Bacteria and plants can reduce inorganic sulfur for incorporation into organic molecules; higher eukaryotes, like human beings, cannot. One step along this sulfur-assimilation pathway, the six-electron reduction of sulfite to sulfide, is performed by an enzyme called sulfite reductase, which consists of a reductase that binds flavin cofactors (called sulfite reductase flavoprotein) and a hemoprotein that binds iron-rich cofactors (called the sulfite reductase hemoprotein). We know the atomic-resolution structure of each component but not how they fit together to move six electrons from solution to the substrate. Using a combination of x-ray crystallography and cryo-EM, I am dissecting the molecular interactions important for this chemical reaction.

Selected Publications:

Stroupe, M. E., C. Xu, B. J. Goode, and N. Grigorieff. 2009. Actin filament labels for localizing protein components in large complexes viewed by electron microscopy. RNA 15:244-248.

Sache, C., J. Z. Chen, P. D. Coureux, M. E. Stroupe, M. Fändrich, and N. Grigorieff. 2007. High-resoluion electron microscopy of helical specimens: a fresh look at tobacco mosaic virus. Journal of Molecular Biology 3:812-835.
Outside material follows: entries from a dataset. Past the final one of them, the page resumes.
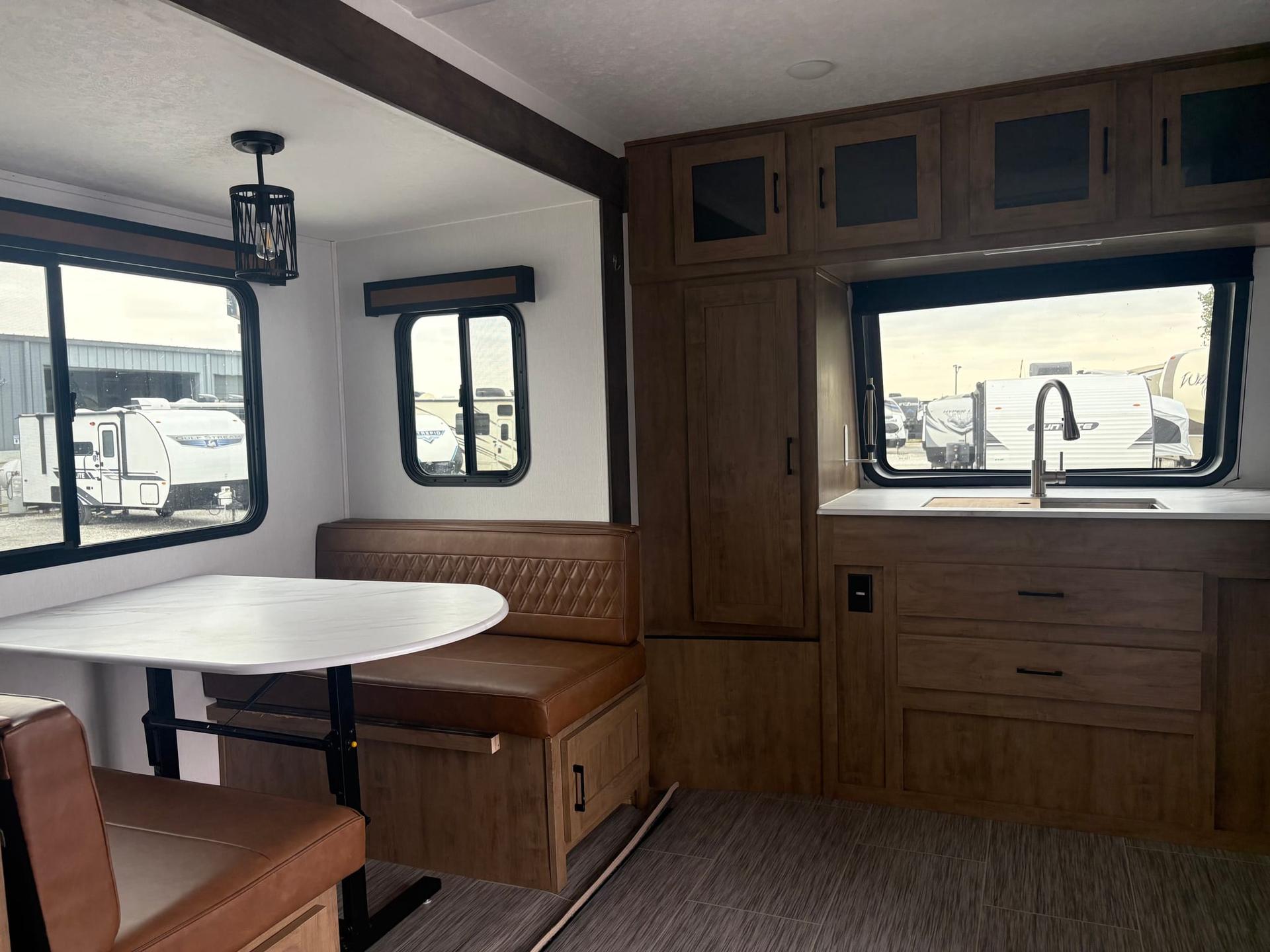 2024 Coachmen 2024 Coachmen Freedom Express Ultra Lite - thumbnail 14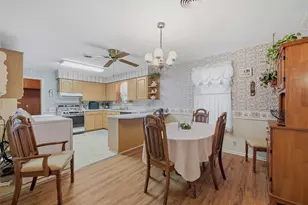 704 Abney St, Whitesboro, TX 76273 - Photo 9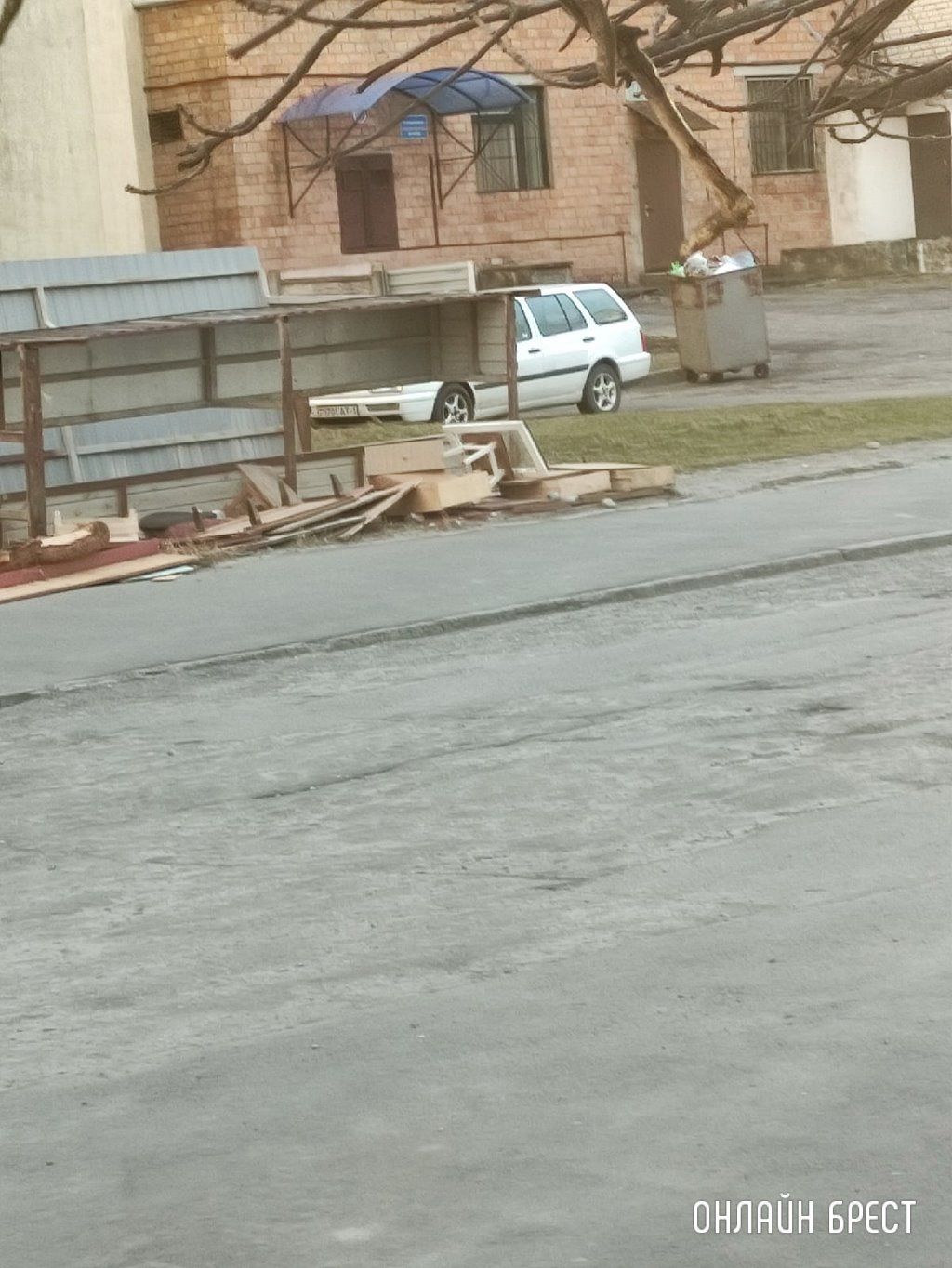 Читатель: В Бресте на Я.Купалы дерево упало в сторону дома. Вот ещё сегодняшние последствия сильного ветра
Stroupe, M. E., T. Ø. Tange, D. R. Thomas, M. J. Moore, and N. Grigorieff. 2006. The three dimensional architecture of the EJC core. Journal of Molecular Biology 4:743-749.

Shibuya, T., T. Ø. Tange, M. E. Stroupe, and M. J. Moore. 2006. Mutational analysis of human eIF4AIII identifies regions necessary for exon junction complex formation and nonsense-mediated mRNA decay. RNA 3:360-374.

Stroupe, M. E., and E. D. Getzoff. 2005. The role of siroheme in sulfite and nitrite reductases. Pages 373-387 in Tetrapyrroles: Their Birth, Life, and Death., M. J. Warren and A. Smith, eds. Landes Bioscience, New York.

Greenleaf, W. B., J. J. Perry, A. S. Hearn, D. E. Cabelli, J. R. Lepock, M. E. Stroupe, J. A. Tainer, and D. S. Silverman. 2004. Role of hydrogen bonding in the active site of human manganese superoxide dismutase. Biochemistry 22:7038-7045.

Vevodova, J., R. M. Graham, E. Raux, H. L. Schubert, D. I. Roper, A. A. Brindley, A. Ian Scott, C. A. Roessner, N. P. Stamford, M. E. Stroupe, E. D. Getzoff, M. J. Warren, and K. S. Wilson. 2004. Structure/function studies on a S-adenosyl-L-methionine-dependent uroporphyrinogen III C methyltransferase (SUMT), a key regulatory enzyme of tetrapyrrole biosynthesis. Journal of Molecular Biology 2:419-433.

Stroupe, M. E., H. K. Leech, D. S. Daniels, M. J. Warren, and E. D. Getzoff. 2003. CysG structure reveals tetrapyrrole-binding features and novel regulation of siroheme biosynthesis. Nature Structural Biology 10:1064-1073.